En parallèle, nous renforcerons plus de 500 organisations locales et ferons émerger une nouvelle génération de colibris, porteurs de solutions durables. À travers nos actions, nous voulons amplifier les nouveaux récits africains, mettre en lumière des modèles inspirants, influencer les politiques publiques et transformer en profondeur les systèmes d’inclusion, d’éducation et de gouvernance. Notre engagement restera centré sur les jeunes et les femmes, en particulier les plus vulnérables, dans une dynamique d’équité, de justice sociale et de durabilité
Nos perspectives d’avenir pour Social Change Factory s’inscrivent dans une approche systémique : nous voulons faire évoluer notre modèle pour le rendre encore plus durable, plus ancré localement, et plus influent à l’échelle régionale. Cela passe par l’innovation sociale, le renforcement de nos partenariats stratégiques, la capitalisation sur nos apprentissages, et un plaidoyer fort pour faire évoluer les normes et les politiques en faveur des droits des femmes et de la jeunesse.
Nous croyons profondément que l’avenir de l’Afrique se joue dans la capacité de ses jeunes à devenir des acteurs du changement et dans la reconnaissance pleine et entière des droits des femmes. C’est cette vision que nous continuerons à porter avec détermination, solidarité et audace.
Quel message aimeriez-vous transmettre aux jeunes qui souhaitent s’engager dans la vie citoyenne et promouvoir les droits des femmes et de la jeunesse ?
Le message que je souhaite transmettre à la jeunesse africaine, c’est d’abord un appel à la conscience et à la confiance. Conscience que chaque voix compte, que chaque action, même modeste, peut transformer une vie, une communauté, un système.

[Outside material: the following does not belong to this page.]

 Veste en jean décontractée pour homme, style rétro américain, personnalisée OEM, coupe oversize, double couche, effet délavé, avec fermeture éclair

Et confiance en leur capacité à porter le changement. S’engager dans la vie citoyenne ou pour les droits des femmes n’exige pas d’attendre d’être parfait ou expert. Cela commence par un pas, une prise de parole, une main tendue, une idée mise en action.

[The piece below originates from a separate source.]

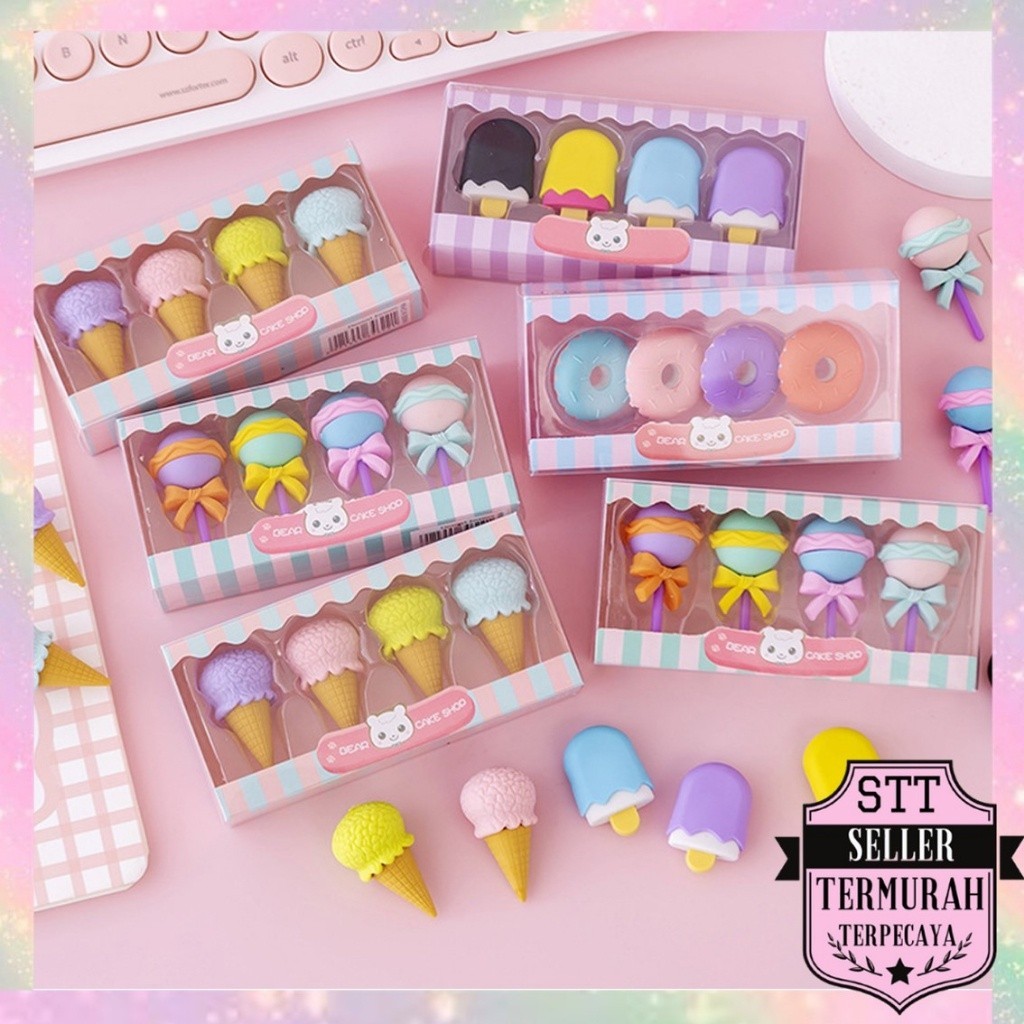 

STT Penghapus 4 pcs/set penghapus lucu bentuk es krim penghapus lolipop donat penghapus pensil karakter sweet pengahpus anak sekolah karakter penghapus lucu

Je dirais aussi : n’attendez pas qu’on vous donne la permission. Notre continent a besoin de jeunes courageux, curieux, ancrés dans leurs valeurs et ouverts à l’innovation. Des jeunes qui refusent le statu quo, qui osent remettre en question l’injustice, qui s’engagent avec cœur et conviction. À travers nos programmes, j’ai vu des jeunes filles prendre la parole pour la première fois, des garçons devenir des alliés pour l’égalité, et des jeunes transformer leurs idées en politiques publiques locales.

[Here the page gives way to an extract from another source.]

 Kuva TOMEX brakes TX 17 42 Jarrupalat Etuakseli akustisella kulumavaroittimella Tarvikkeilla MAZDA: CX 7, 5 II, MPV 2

Alors, à celles et ceux qui veulent agir : formez-vous, connectez-vous à d’autres, cultivez-vous, cultivez votre leadership et surtout, n’ayez pas peur de faire votre part. Engagez-vous avec détermination, humilité et audace. Soyez ce colibri qui, face à l’ampleur des défis, choisit d’agir plutôt que de se résigner. Parce que c’est en faisant chacun et chacune sa part que nous bâtirons une Afrique plus juste, plus équitable et plus solidaire.